Activity »
Write out the data below in full, unchanged, minus the images.

Information shown »
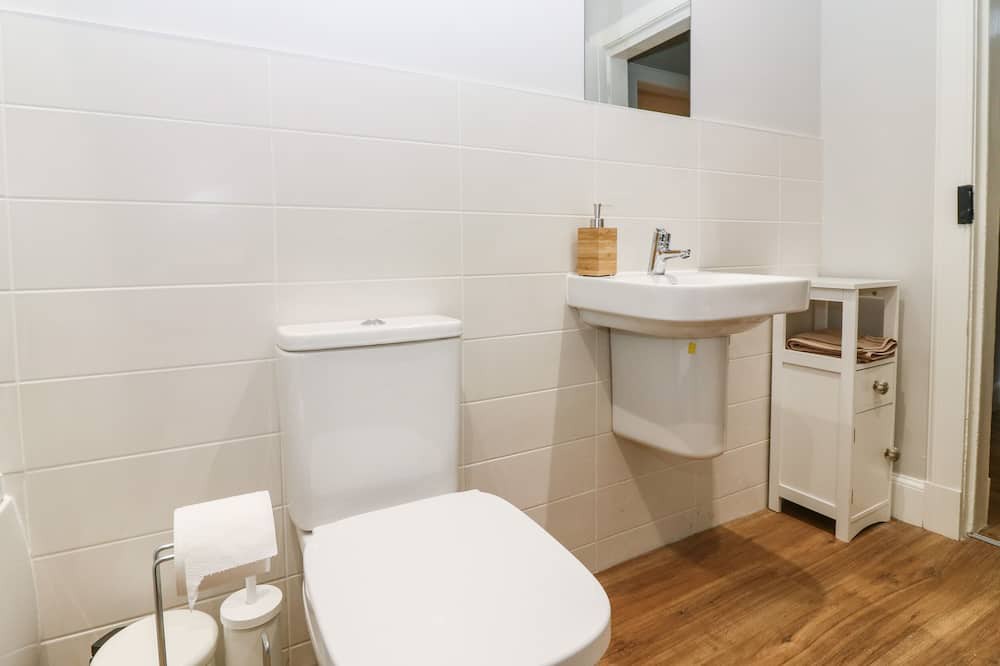 Photo of Bathroom in Haddington
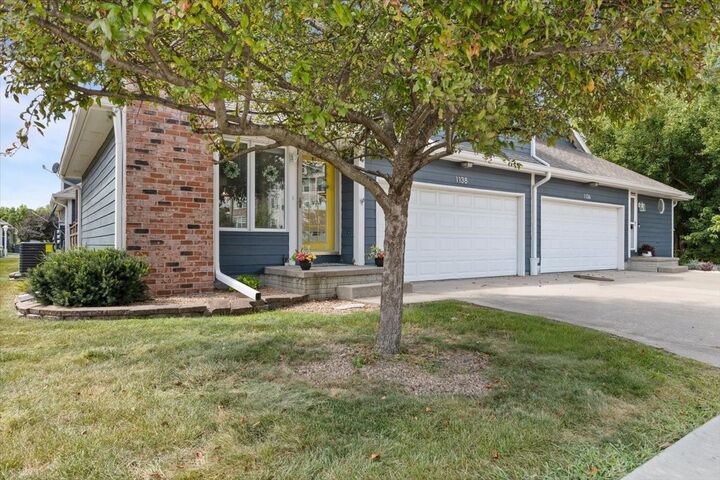 Property Photo: 1138 SE Mill Pond Court IA 50021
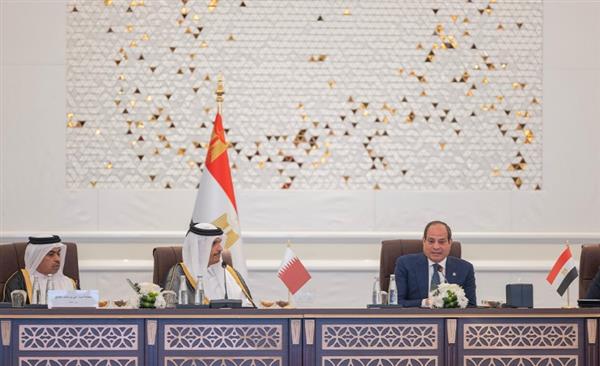 الرئيس السيسي وأمير قطر يؤكدان ضرورة دعم الخطة العربية لإعادة إعمار غزة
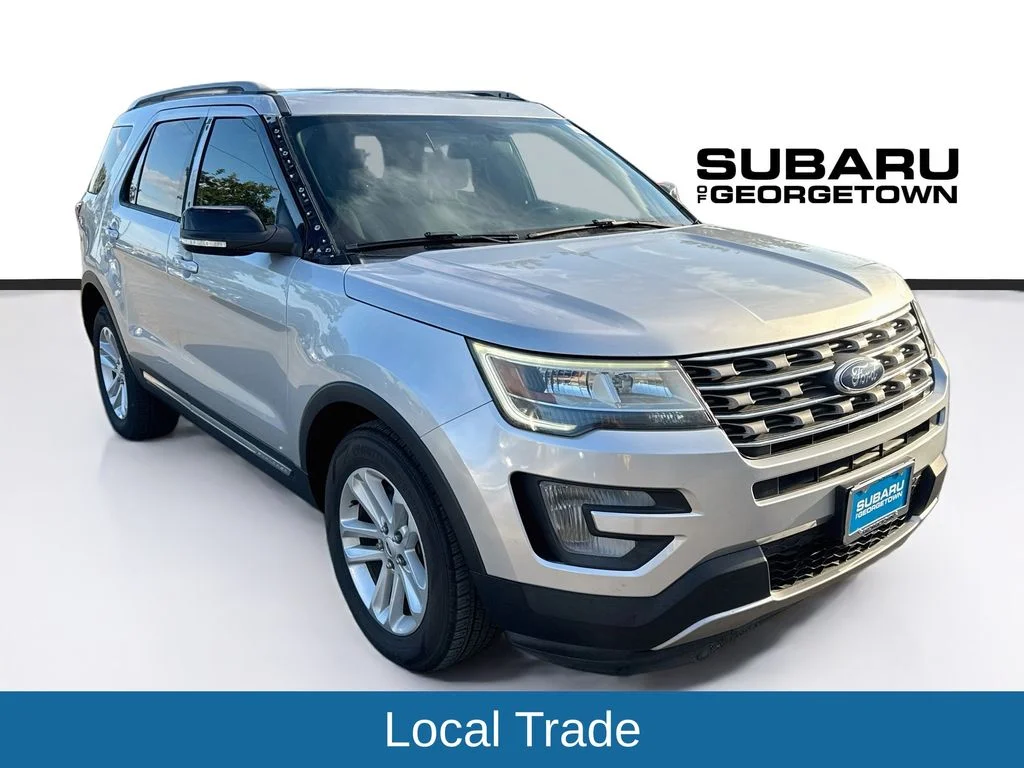 Used 2017 Silver Ford XLT image 1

Answer to this problem »
 Photo of Bathroom in Haddington
 Property Photo: 1138 SE Mill Pond Court IA 50021
 الرئيس السيسي وأمير قطر يؤكدان ضرورة دعم الخطة العربية لإعادة إعمار غزة
 Used 2017 Silver Ford XLT image 1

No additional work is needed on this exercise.